Menyaksikan keceriaan kanak-kanak yang begitu tulus terpancar dari mata berbinar pada wajah tua berjenggot putih ala Profesor Dumbledore itu, saya jadi bertanya kembali: apa yang salah jika gereja bisa menghadirkan keceriaan dan kebahagiaan bagi semua orang tanpa terkecuali?

Pengalaman meluncuri perosotan raksasa ini adalah gabungan dari takjub dan seram. Pilar-pilar jendela tinggi bergaya Gotik itu dingin dan angkuh, namun kelap-kelip lampu neon perosotan yang penuh warna membuatnya menjadi sedikit lebih ramah dan jenaka. Memandang ukir-ukiran di langit-langit lebih membuat telapak tangan saya basah, karena saya terbayang andai terlempar jatuh dari ketinggian yang mengerikan ini. Ketika pantat saya mulai bergerak turun menyusuri ulir perosotan, semakin cepat dan semakin cepat, deretan pilar-pilar tinggi itu menjadi bayangan kabur yang memusingkan. Adrenalin memuncak, saya menjerit-jerit histeris, sama sekali lupa sedang berada di dalam gereja. Hanya sepuluh detik meluncur, saya sudah mendarat di dasar dengan jantung yang masih berdebar kencang, namun diliputi kelegaan dan kepuasan yang tidak terkira. Benar-benar gila!

Sukaria yang sama juga saya temukan di wajah para pengunjung yang lain, kebanyakan adalah anak-anak yang ditemani para orangtua menikmati liburan musim panas. Tetapi kegembiraan mainan kanak-kanak ini tidak terbatas usia.
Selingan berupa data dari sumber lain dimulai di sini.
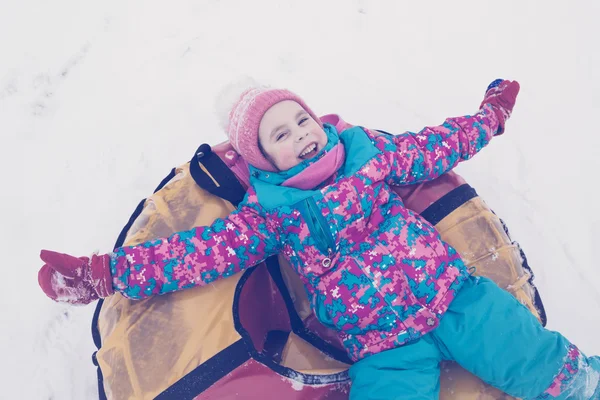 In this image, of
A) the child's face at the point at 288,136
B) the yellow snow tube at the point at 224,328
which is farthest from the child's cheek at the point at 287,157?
the yellow snow tube at the point at 224,328

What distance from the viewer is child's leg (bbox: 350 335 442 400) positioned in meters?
1.32

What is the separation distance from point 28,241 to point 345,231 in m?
1.60

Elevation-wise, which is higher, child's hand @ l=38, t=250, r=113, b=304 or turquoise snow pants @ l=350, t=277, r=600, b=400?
child's hand @ l=38, t=250, r=113, b=304

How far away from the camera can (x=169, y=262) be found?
1.40 m

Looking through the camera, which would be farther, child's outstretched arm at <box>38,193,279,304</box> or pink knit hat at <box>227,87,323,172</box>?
pink knit hat at <box>227,87,323,172</box>

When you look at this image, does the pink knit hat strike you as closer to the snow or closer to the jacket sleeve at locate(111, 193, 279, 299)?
the jacket sleeve at locate(111, 193, 279, 299)

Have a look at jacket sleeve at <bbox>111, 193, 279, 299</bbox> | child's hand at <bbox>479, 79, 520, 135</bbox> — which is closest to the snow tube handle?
jacket sleeve at <bbox>111, 193, 279, 299</bbox>

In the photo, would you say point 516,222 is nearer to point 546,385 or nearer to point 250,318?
point 546,385

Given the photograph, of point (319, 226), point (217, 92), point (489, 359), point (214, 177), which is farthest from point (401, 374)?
point (217, 92)

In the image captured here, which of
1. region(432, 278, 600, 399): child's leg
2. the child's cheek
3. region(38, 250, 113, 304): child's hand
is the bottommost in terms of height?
region(432, 278, 600, 399): child's leg

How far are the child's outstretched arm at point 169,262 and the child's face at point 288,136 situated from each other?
0.17 metres

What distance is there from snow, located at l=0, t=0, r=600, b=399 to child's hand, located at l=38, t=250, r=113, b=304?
77 cm

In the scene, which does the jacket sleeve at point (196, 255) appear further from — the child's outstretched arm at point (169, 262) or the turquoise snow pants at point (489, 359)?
the turquoise snow pants at point (489, 359)

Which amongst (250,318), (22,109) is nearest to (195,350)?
(250,318) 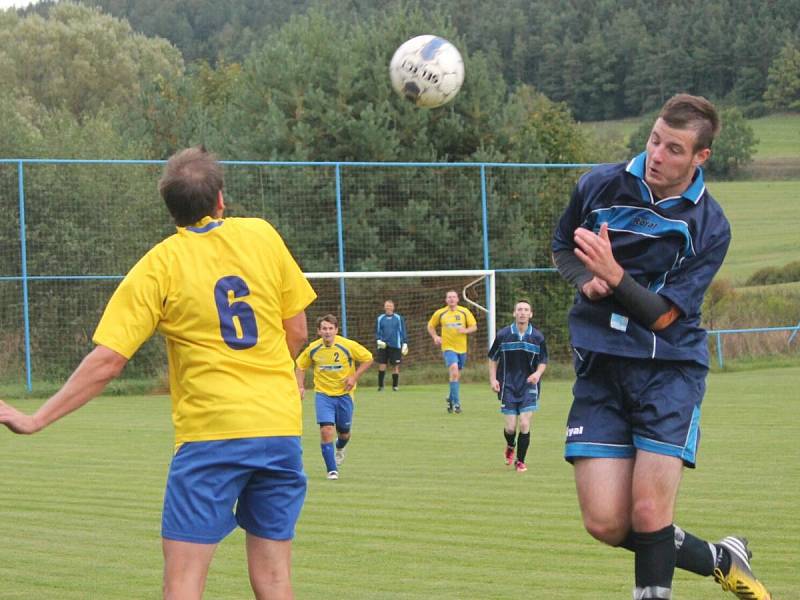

Ada seorang nenek yang saking ketakutannya, meluncur turun dengan tubuh berbaring dan mata terpejam, sampai tidak bisa bangun lagi ketika mendarat dan harus digotong ramai-ramai oleh orang-orang di sekeliling. Namun begitu berdiri, tawanya meledak, dan membangkitkan gelak tawa semua orang di sekelilingnya.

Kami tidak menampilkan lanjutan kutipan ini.